Fix size computation logic in TransposeSimple

Use the right type when computing `num_bytes`. This caused the crash observed in the bug, but I could not reproduce in a unit test (even with cuda_asan) since the `InlinedVector` always uses stack storage.

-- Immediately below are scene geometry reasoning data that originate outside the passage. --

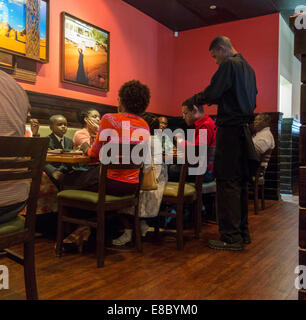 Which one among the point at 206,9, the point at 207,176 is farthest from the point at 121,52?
the point at 207,176

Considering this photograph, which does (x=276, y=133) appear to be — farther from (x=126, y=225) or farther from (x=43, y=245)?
(x=43, y=245)

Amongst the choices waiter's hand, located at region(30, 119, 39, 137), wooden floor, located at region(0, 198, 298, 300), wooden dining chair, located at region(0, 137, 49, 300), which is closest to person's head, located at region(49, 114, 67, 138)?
waiter's hand, located at region(30, 119, 39, 137)

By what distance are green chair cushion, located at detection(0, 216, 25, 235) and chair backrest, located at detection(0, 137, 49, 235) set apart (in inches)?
1.2

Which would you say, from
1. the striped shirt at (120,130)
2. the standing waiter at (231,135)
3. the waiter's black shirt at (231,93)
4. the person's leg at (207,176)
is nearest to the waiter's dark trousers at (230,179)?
the standing waiter at (231,135)

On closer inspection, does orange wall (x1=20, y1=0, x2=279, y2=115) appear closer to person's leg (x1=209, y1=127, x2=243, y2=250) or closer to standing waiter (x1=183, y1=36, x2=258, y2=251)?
standing waiter (x1=183, y1=36, x2=258, y2=251)

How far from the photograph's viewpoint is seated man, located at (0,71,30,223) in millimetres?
1328

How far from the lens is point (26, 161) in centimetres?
137

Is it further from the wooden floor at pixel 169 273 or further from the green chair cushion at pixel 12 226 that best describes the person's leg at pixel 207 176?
the green chair cushion at pixel 12 226

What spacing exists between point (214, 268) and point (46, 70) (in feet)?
9.85

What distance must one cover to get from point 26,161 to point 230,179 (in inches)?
67.6

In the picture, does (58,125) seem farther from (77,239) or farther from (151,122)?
(77,239)

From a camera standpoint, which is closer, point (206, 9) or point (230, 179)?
point (230, 179)
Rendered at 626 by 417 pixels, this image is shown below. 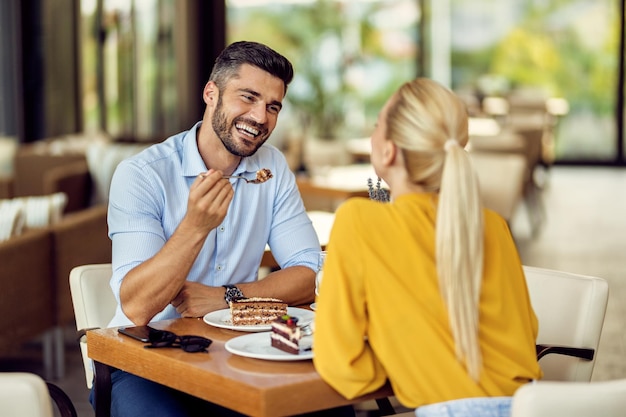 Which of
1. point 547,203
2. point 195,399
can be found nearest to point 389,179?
Answer: point 195,399

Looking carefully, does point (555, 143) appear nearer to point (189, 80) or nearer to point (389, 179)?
point (189, 80)

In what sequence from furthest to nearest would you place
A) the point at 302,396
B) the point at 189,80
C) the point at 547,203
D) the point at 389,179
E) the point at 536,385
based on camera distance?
the point at 547,203 < the point at 189,80 < the point at 389,179 < the point at 302,396 < the point at 536,385

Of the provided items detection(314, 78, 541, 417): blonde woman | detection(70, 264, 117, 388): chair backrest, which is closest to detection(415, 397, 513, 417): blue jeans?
detection(314, 78, 541, 417): blonde woman

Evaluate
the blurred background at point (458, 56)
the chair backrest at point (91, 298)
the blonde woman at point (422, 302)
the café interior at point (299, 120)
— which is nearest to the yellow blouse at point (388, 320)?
the blonde woman at point (422, 302)

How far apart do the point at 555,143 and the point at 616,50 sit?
5.50 feet

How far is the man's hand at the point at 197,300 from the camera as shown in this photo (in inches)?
99.7

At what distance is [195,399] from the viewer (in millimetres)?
2562

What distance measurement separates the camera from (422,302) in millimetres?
1963

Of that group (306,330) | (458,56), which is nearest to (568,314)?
(306,330)

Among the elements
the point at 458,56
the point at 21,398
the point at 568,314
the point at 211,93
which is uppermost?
the point at 458,56

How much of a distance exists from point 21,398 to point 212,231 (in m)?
1.08

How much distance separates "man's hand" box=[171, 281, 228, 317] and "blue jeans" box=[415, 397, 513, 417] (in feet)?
2.50

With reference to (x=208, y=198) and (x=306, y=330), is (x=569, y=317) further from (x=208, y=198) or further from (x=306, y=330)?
(x=208, y=198)

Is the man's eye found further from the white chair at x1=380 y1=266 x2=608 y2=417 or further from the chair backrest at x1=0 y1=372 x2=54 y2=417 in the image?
the chair backrest at x1=0 y1=372 x2=54 y2=417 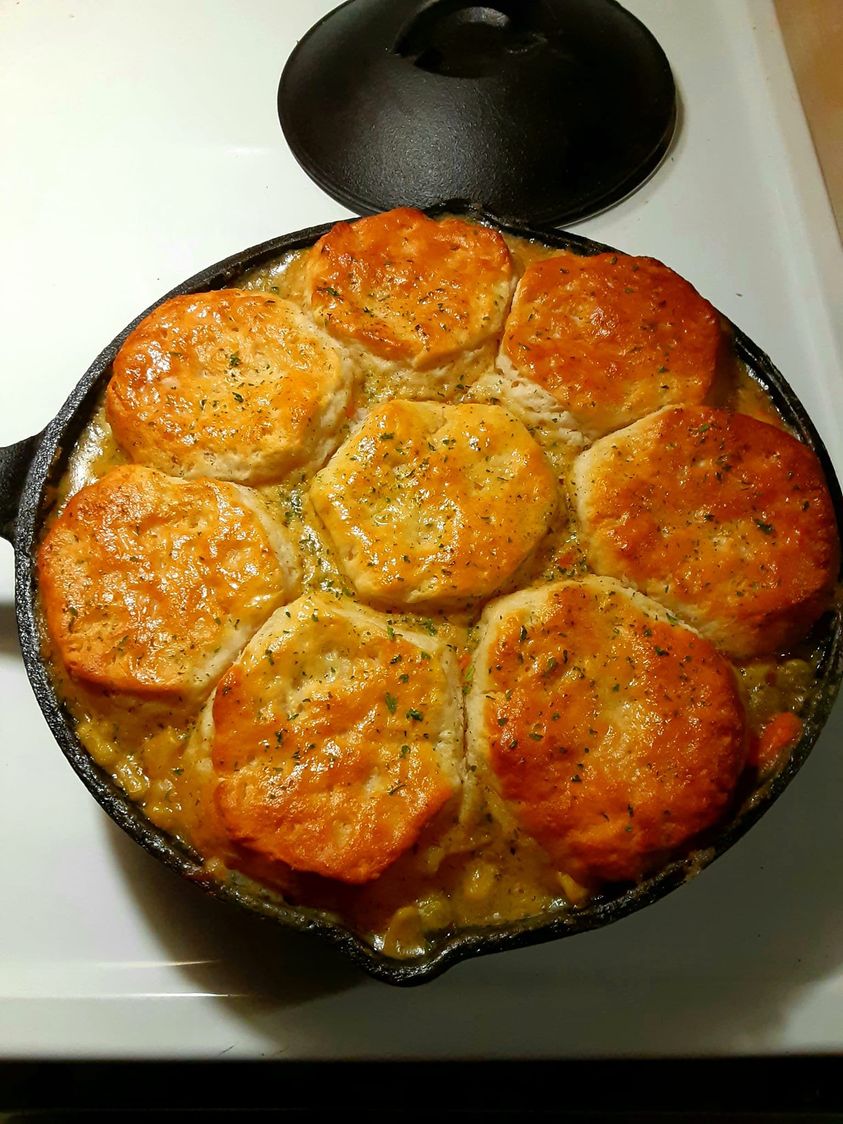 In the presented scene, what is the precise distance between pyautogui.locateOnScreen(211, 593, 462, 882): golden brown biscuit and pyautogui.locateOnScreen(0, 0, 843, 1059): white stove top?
607mm

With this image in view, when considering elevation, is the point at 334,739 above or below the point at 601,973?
above

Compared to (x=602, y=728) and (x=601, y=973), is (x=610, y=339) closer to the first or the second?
(x=602, y=728)

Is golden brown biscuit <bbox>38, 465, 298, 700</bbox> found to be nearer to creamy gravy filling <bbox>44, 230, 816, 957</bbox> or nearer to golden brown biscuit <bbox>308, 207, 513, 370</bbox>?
creamy gravy filling <bbox>44, 230, 816, 957</bbox>

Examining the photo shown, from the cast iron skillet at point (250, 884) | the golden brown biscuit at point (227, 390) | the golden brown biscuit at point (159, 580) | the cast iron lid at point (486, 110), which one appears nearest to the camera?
the cast iron skillet at point (250, 884)

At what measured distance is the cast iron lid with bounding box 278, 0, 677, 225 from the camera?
8.02 feet

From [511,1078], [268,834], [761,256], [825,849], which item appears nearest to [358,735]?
[268,834]

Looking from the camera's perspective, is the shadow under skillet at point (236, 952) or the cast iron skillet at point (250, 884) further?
the shadow under skillet at point (236, 952)

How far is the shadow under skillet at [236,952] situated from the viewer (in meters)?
1.77

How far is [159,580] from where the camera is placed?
1472mm

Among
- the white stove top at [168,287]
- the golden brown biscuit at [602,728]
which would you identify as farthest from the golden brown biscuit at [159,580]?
the white stove top at [168,287]

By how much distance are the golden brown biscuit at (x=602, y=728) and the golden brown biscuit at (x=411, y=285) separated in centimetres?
53

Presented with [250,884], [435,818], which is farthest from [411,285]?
[250,884]

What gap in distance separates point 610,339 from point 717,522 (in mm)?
396

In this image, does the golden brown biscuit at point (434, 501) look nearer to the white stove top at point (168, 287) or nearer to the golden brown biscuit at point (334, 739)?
the golden brown biscuit at point (334, 739) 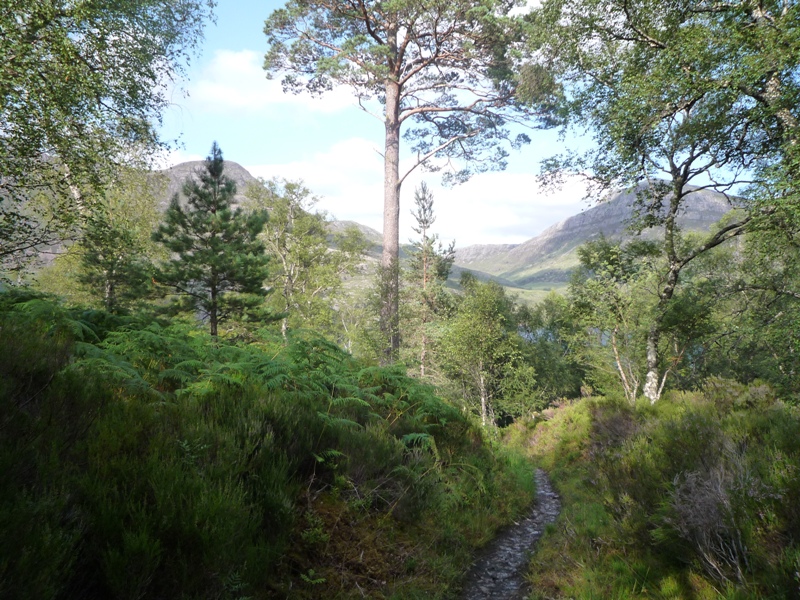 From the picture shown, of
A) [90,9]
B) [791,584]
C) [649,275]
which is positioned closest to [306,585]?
[791,584]

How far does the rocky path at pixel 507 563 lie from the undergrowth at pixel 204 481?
228 millimetres

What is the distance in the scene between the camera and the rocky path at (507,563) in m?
4.66

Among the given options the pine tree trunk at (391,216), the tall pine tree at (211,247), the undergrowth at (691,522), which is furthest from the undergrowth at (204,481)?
the pine tree trunk at (391,216)

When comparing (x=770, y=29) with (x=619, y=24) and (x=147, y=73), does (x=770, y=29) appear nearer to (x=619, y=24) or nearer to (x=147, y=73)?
(x=619, y=24)

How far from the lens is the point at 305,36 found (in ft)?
53.8

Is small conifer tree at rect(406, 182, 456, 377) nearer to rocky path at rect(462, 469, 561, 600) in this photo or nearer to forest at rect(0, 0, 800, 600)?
forest at rect(0, 0, 800, 600)

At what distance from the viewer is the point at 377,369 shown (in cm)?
718

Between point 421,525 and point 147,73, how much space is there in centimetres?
1226

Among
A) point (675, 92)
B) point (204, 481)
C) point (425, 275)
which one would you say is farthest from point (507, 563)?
point (425, 275)

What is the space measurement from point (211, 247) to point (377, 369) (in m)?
10.3

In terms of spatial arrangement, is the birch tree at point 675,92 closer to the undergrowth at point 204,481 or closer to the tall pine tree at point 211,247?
the undergrowth at point 204,481

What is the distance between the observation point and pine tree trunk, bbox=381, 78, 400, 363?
17453 millimetres

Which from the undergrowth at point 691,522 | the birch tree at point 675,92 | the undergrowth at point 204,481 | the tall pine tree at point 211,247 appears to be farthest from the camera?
the tall pine tree at point 211,247

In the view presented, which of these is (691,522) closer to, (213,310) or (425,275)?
(213,310) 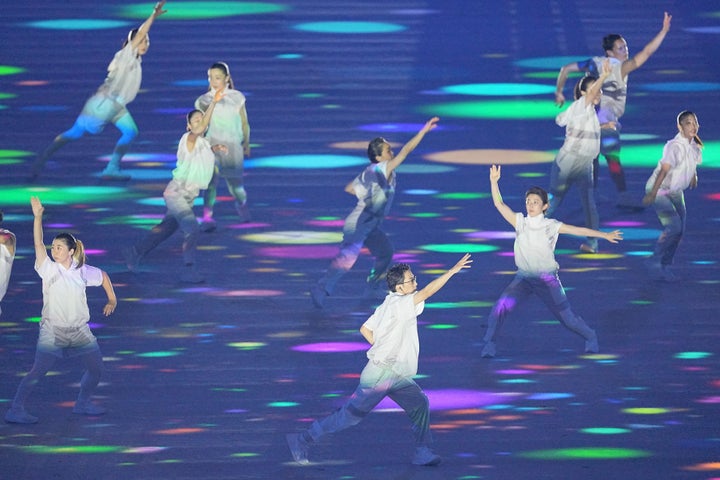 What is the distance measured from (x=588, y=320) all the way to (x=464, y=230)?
96.6 inches

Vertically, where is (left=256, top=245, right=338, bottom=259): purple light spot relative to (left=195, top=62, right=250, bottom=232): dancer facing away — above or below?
below

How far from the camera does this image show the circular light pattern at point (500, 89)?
58.7 feet

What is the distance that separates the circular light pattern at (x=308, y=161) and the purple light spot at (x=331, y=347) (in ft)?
15.9

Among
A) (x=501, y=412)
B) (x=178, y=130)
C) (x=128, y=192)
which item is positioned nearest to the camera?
(x=501, y=412)

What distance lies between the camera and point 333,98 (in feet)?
58.4

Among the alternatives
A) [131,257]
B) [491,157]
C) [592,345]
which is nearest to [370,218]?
[592,345]

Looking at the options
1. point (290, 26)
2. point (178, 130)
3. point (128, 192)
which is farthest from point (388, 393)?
point (290, 26)

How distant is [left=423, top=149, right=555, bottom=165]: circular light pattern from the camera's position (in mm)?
15719

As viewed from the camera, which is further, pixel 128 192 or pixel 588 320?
pixel 128 192

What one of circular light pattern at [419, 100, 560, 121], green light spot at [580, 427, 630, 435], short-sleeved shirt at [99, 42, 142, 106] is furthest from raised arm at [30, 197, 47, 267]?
circular light pattern at [419, 100, 560, 121]

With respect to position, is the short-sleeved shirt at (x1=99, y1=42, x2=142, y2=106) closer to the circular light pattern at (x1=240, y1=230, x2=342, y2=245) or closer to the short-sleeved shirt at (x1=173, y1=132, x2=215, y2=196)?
the circular light pattern at (x1=240, y1=230, x2=342, y2=245)

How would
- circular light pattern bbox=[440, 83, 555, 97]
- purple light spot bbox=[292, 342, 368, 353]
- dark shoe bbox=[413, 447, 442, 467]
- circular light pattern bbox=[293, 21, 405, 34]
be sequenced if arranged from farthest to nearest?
circular light pattern bbox=[293, 21, 405, 34]
circular light pattern bbox=[440, 83, 555, 97]
purple light spot bbox=[292, 342, 368, 353]
dark shoe bbox=[413, 447, 442, 467]

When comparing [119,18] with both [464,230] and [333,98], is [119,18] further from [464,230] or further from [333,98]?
[464,230]

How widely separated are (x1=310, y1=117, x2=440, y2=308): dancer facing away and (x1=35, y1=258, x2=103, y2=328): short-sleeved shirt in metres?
2.73
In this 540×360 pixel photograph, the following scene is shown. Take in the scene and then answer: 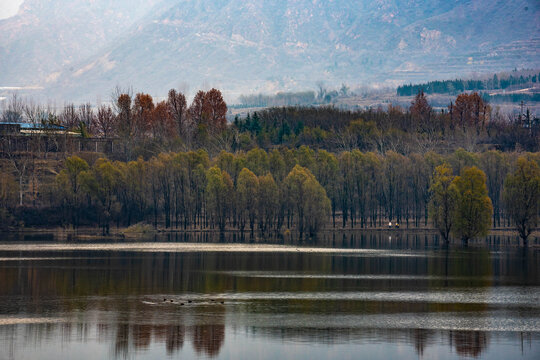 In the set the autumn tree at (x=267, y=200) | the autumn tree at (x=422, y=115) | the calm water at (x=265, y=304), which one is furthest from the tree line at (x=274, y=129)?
the calm water at (x=265, y=304)

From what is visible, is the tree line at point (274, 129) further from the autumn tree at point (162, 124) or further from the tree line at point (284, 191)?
the tree line at point (284, 191)

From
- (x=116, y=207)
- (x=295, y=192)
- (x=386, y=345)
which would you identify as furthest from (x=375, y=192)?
(x=386, y=345)

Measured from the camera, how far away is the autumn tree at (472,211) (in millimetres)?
81438

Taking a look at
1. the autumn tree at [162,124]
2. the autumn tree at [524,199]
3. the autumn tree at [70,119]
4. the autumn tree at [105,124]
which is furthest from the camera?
the autumn tree at [105,124]

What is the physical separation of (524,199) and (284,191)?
29451mm

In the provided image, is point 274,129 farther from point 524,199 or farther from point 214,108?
point 524,199

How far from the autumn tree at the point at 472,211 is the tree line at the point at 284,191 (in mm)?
107

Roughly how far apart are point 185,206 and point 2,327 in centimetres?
6949

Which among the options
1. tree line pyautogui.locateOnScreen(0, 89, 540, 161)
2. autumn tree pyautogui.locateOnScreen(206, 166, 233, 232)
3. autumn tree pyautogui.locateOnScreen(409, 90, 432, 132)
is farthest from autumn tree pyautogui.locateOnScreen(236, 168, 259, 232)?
autumn tree pyautogui.locateOnScreen(409, 90, 432, 132)

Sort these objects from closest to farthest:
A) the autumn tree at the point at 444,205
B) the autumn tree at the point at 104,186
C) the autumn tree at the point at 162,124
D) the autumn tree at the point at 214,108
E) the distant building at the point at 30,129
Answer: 1. the autumn tree at the point at 444,205
2. the autumn tree at the point at 104,186
3. the distant building at the point at 30,129
4. the autumn tree at the point at 162,124
5. the autumn tree at the point at 214,108

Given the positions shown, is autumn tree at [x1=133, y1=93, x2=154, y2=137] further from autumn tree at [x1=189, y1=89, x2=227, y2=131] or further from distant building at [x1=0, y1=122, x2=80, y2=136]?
distant building at [x1=0, y1=122, x2=80, y2=136]

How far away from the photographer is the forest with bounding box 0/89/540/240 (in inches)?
3319

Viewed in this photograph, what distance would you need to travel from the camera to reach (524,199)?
82438 mm

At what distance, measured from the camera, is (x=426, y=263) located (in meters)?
65.8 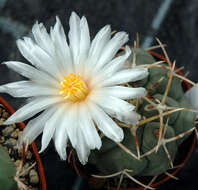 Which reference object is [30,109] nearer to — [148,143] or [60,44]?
[60,44]

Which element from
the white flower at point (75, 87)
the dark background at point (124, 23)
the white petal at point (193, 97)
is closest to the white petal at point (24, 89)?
the white flower at point (75, 87)

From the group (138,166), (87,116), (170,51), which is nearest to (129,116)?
(87,116)

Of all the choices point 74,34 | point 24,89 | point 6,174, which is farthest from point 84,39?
point 6,174

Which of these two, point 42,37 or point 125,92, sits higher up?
point 42,37

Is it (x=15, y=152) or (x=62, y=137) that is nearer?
(x=62, y=137)

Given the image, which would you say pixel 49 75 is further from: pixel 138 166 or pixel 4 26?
pixel 4 26

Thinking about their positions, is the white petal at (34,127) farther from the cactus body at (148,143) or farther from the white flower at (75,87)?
the cactus body at (148,143)
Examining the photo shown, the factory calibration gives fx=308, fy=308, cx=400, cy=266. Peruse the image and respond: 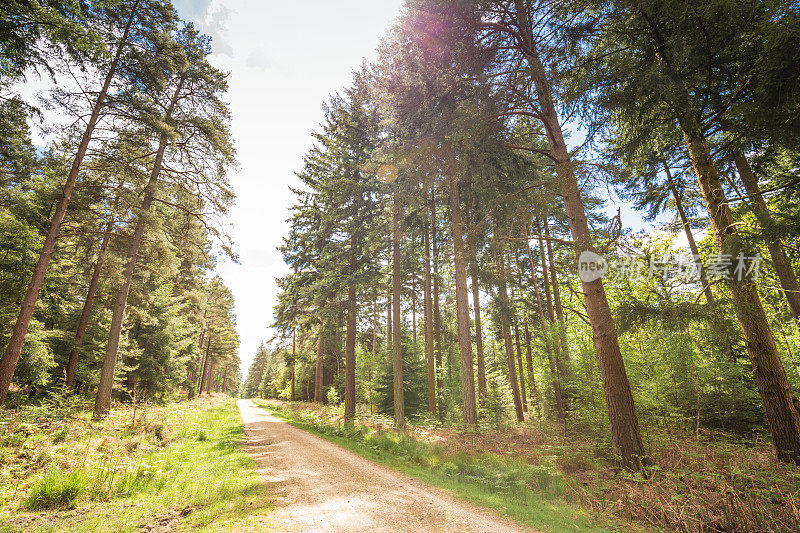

PiperOrigin-RevId: 321199018 Change-Id: I339307a2d2d098d4ad73b363b5f96c19ed65ea52
2020-07-14 11:30:37 -07:00 · 2020-07-14 11:30:37 -07:00 · e9516a8b0e
commit e9516a8b0e
parent 9fd2e39518
1 changed files with 1 additions and 1 deletions
--- a/tensorflow/core/kernels/transpose_functor_gpu.cu.cc
+++ b/tensorflow/core/kernels/transpose_functor_gpu.cu.cc
@ -72,7 +72,7 @@ void TransposeSimple(const GPUDevice& d, const Tensor& in,
    host_buf[ndims * 2 + i] = perm[i];
  }
  // Copies the input strides, output strides and permutation to the device.
-  auto num_bytes = sizeof(int64) * host_buf.size();
+  auto num_bytes = sizeof(int32) * host_buf.size();
  auto dev_buf = d.allocate(num_bytes);
  // NOTE: host_buf is not allocated by GpuHostAllocator, and
  // therefore we are doing a sync copy effectively.